THE VIRGINIAN-PILOT Copyright (c) 1994, Landmark Communications, Inc. DATE: Friday, July 29, 1994 TAG: 9407290011 SECTION: FRONT PAGE: A12 EDITION: FINAL TYPE: Letter LENGTH: Short : 37 lines
The recent lunar-landing anniversary articles were very interesting, in particular the July 20 article by James Schultz. But Mr. Schultz didn't quite hit the nail squarely on the head. The problems with NASA can be summed up in three words: politics, politicians and bureaucrats.

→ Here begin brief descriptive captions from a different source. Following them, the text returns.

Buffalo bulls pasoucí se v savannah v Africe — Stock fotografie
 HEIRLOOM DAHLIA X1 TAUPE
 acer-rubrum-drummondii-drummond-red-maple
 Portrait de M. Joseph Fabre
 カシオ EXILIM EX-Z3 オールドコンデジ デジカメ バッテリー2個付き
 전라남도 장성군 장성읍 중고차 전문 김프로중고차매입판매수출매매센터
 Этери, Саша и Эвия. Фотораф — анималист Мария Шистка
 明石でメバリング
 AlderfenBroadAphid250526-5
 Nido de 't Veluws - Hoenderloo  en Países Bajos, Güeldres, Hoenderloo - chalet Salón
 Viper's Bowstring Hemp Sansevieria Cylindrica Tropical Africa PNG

Presidents Kennedy and Johnson derailed our space program when they rejected scientific recommendations for a structured, step-by-step and permanent endeavor, while insisting on a ``space race'' leap for the moon in order to win a short-term political victory over the Soviets. Then add to this misdirection the hundreds of billions of dollars' worth of money, manpower and resources dumped down the rat holes of the Vietnam War, Great Society welfare programs and Cold War military expenditures.
It doesn't take a rocket scientist to figure out what happened to NASA after the Apollo program ended. Politicians shot it in the knee caps, told it to leap for the stars and then criticized it when it had trouble getting off the ground. Thirty-three years of politically bungled manned spaceflight has left us with no dependable, frequent, low-Earth-orbit heavy-lift capability, no space station and no signs of real improvement in the future.
2001: A Space Odyssey by Arthur C. Clarke could have been prophesy and blueprint. Today we should be knocking at the star gate of major space exploration. Instead, we are condemned by political mistakes to wobble down the road on the technological equivalent of a bicycle built for two.